From the listing below, restate word for word the lines from the line containing "Un voyageur contemple" down through the line containing "Set of clear". Exclude pictures.
(Exercise inputs Opens)
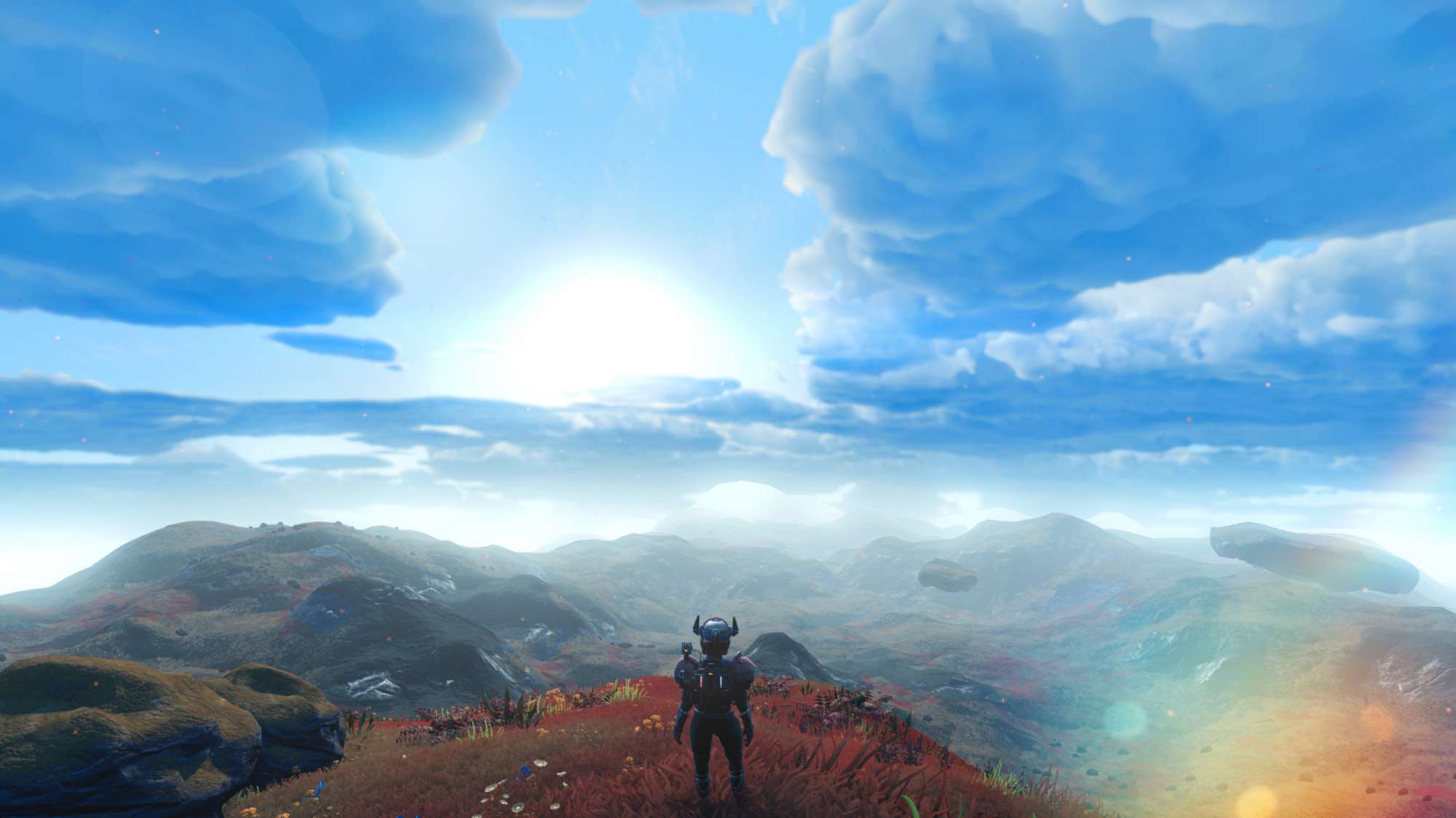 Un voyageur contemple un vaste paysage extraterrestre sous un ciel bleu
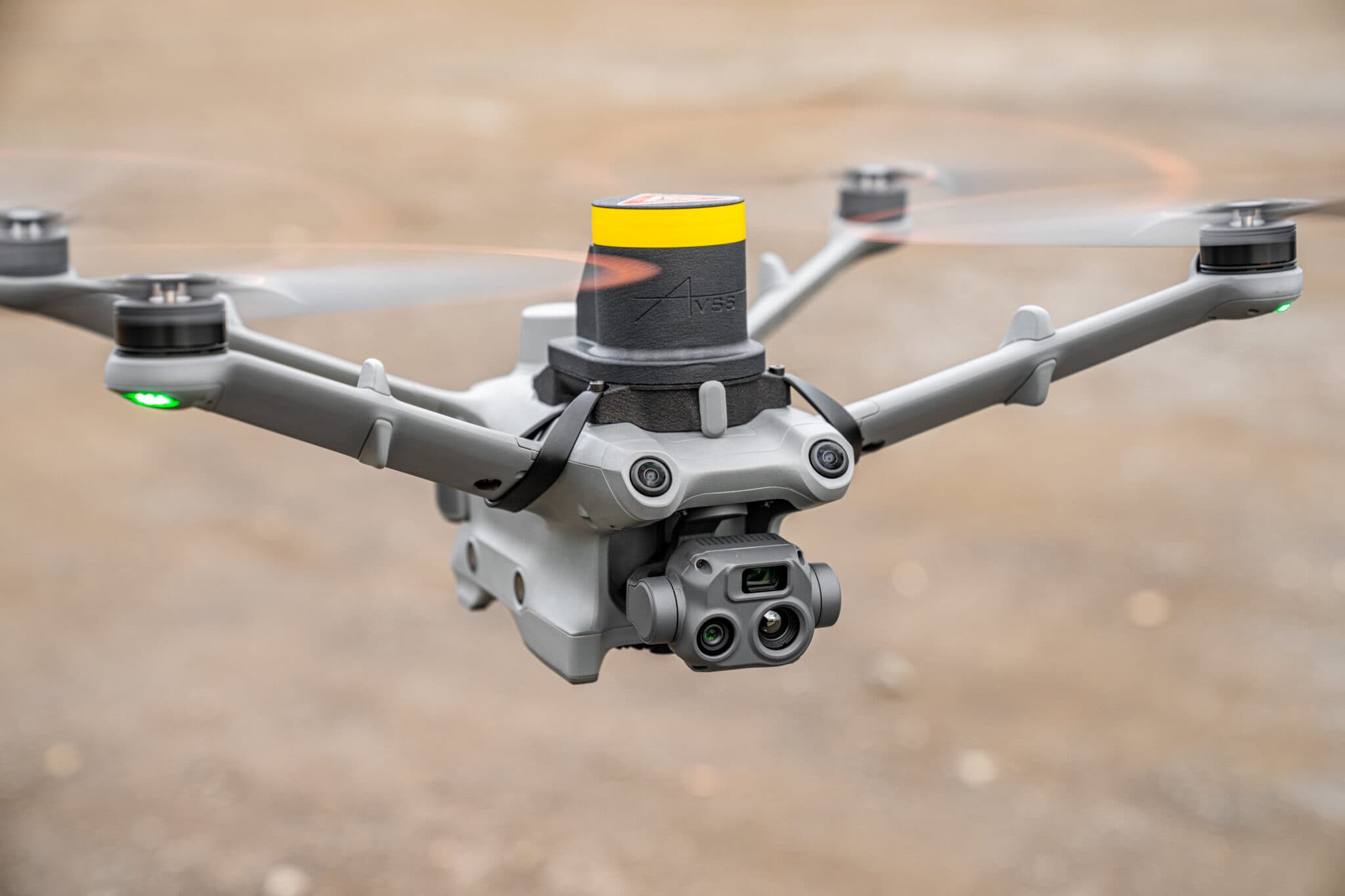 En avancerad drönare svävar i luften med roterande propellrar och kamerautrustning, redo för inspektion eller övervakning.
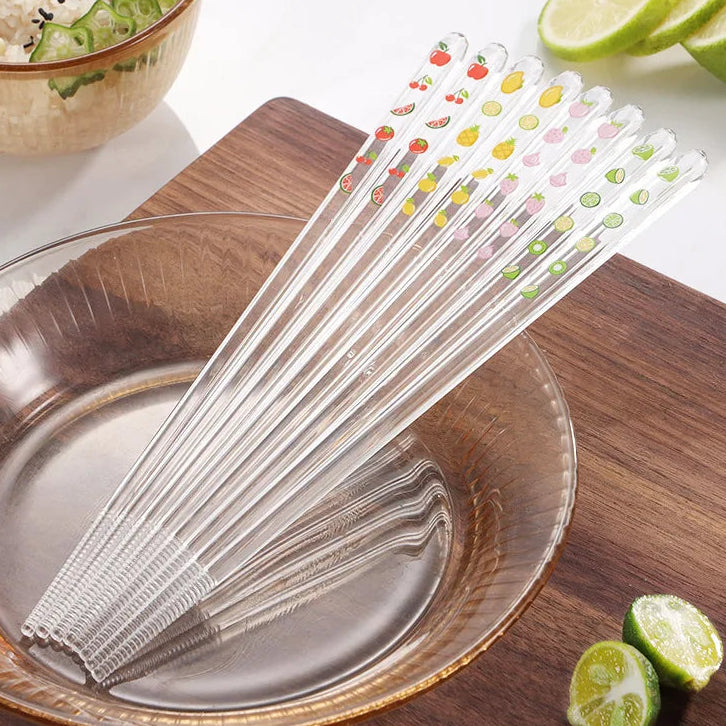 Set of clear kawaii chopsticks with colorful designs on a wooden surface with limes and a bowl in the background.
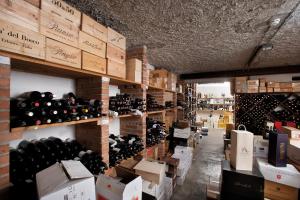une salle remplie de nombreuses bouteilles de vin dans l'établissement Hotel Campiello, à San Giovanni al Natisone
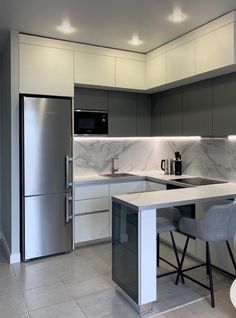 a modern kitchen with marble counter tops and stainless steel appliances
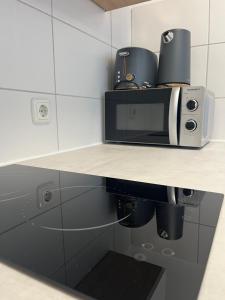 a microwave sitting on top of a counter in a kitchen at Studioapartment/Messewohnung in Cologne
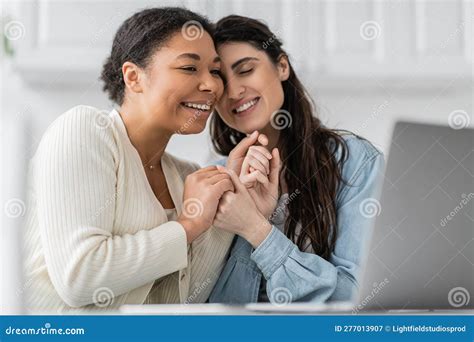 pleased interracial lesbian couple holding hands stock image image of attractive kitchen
(Exercise inputs Closes)
(Exercise inputs Opens)
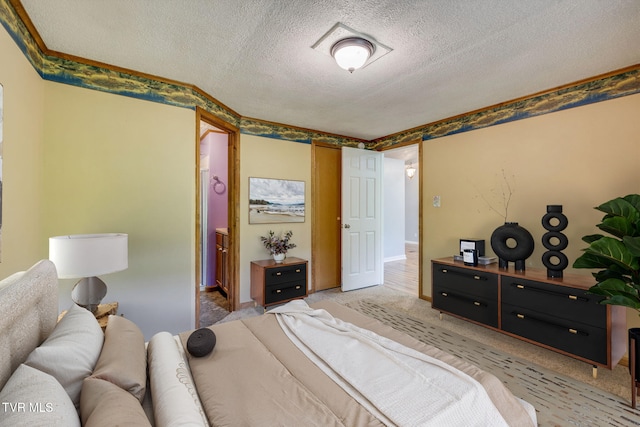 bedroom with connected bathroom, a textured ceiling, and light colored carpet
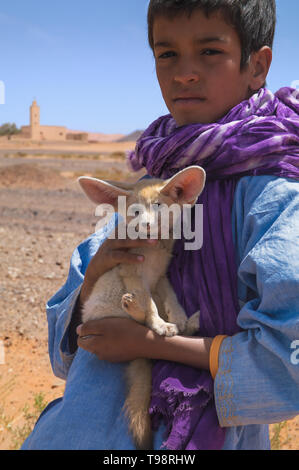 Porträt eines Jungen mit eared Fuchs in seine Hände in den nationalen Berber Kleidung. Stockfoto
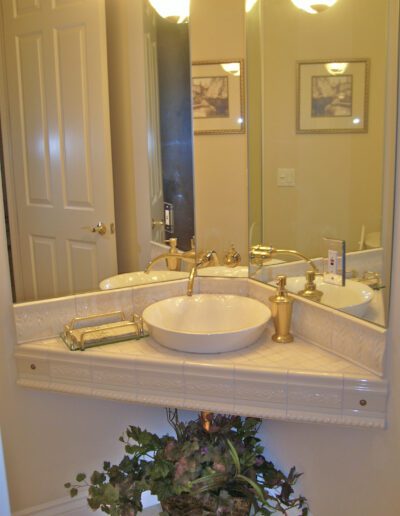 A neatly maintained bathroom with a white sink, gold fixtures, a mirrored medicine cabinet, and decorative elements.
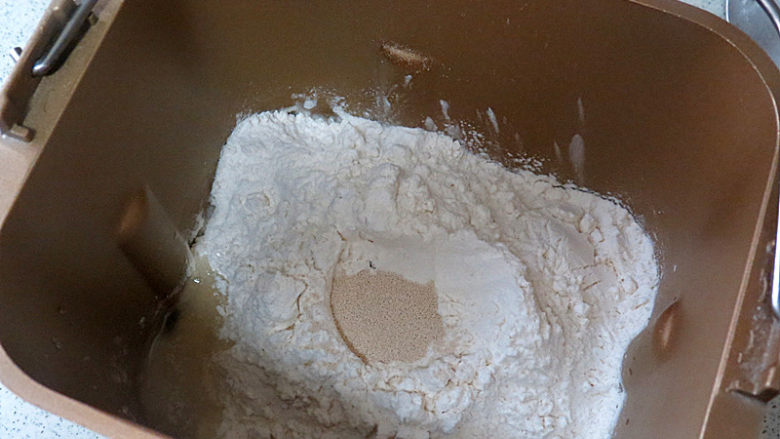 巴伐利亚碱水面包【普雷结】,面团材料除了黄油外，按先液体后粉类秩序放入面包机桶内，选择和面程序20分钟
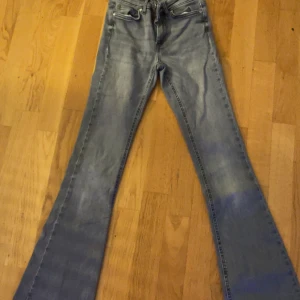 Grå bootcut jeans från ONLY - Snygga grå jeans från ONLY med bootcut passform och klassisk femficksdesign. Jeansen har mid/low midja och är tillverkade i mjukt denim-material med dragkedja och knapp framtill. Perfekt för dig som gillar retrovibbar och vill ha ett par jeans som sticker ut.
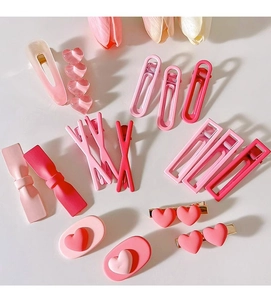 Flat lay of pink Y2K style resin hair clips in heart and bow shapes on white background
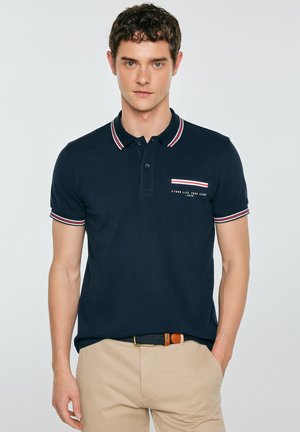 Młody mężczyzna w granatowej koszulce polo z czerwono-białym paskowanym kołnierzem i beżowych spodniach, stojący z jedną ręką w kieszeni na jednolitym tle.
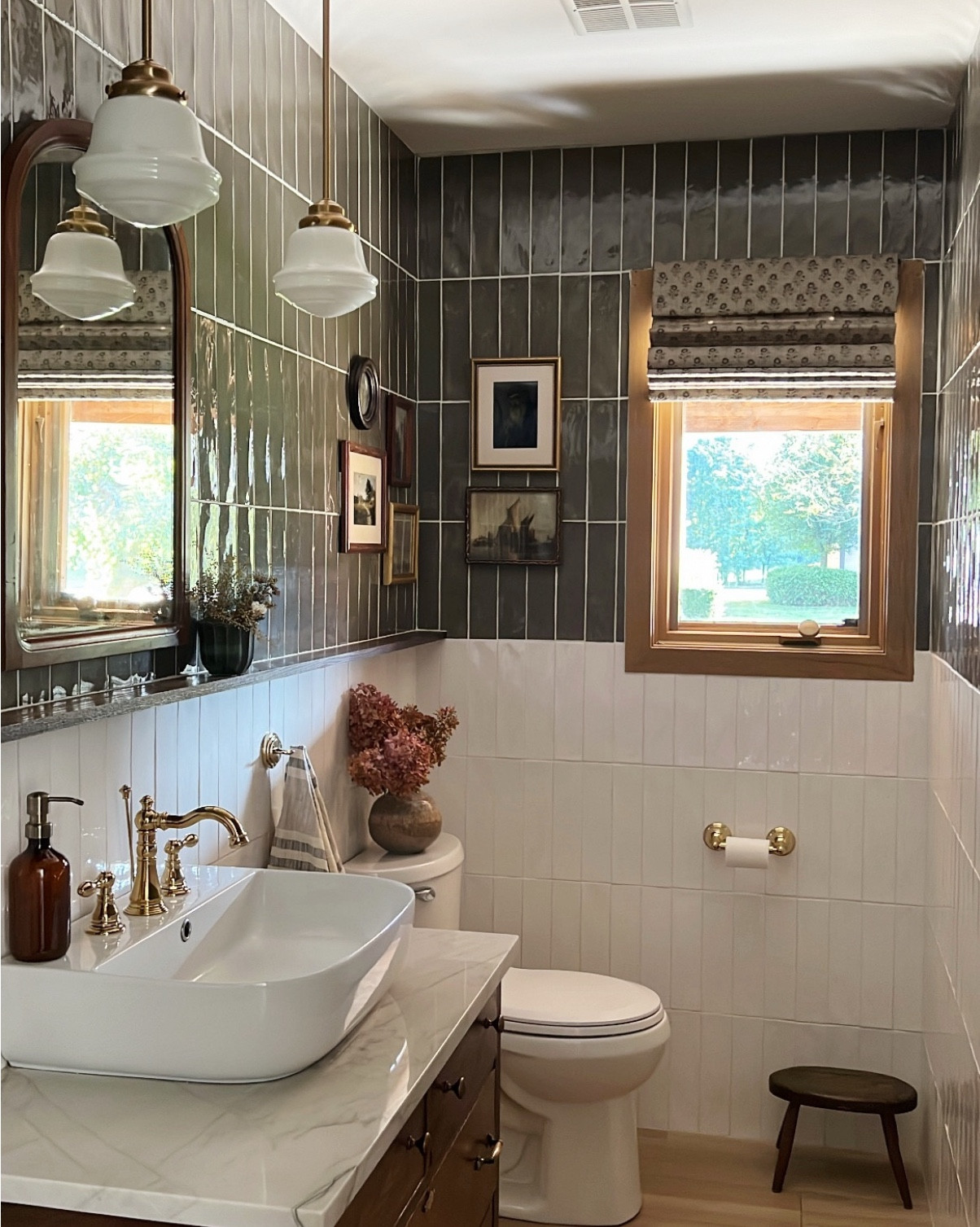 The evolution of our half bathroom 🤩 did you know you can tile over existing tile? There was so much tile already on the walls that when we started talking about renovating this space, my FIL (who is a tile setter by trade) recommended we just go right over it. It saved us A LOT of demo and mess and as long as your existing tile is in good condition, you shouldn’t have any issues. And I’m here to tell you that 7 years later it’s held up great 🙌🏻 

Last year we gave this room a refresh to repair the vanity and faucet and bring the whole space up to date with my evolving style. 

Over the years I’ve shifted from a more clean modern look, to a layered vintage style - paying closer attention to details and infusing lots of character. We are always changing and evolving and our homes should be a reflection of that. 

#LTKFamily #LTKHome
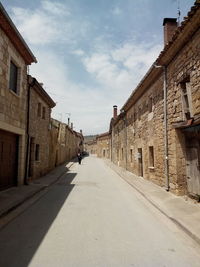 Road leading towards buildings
(Exercise inputs Closes)
Task response:
 Un voyageur contemple un vaste paysage extraterrestre sous un ciel bleu
 En avancerad drönare svävar i luften med roterande propellrar och kamerautrustning, redo för inspektion eller övervakning.
 Set of clear kawaii chopsticks with colorful designs on a wooden surface with limes and a bowl in the background.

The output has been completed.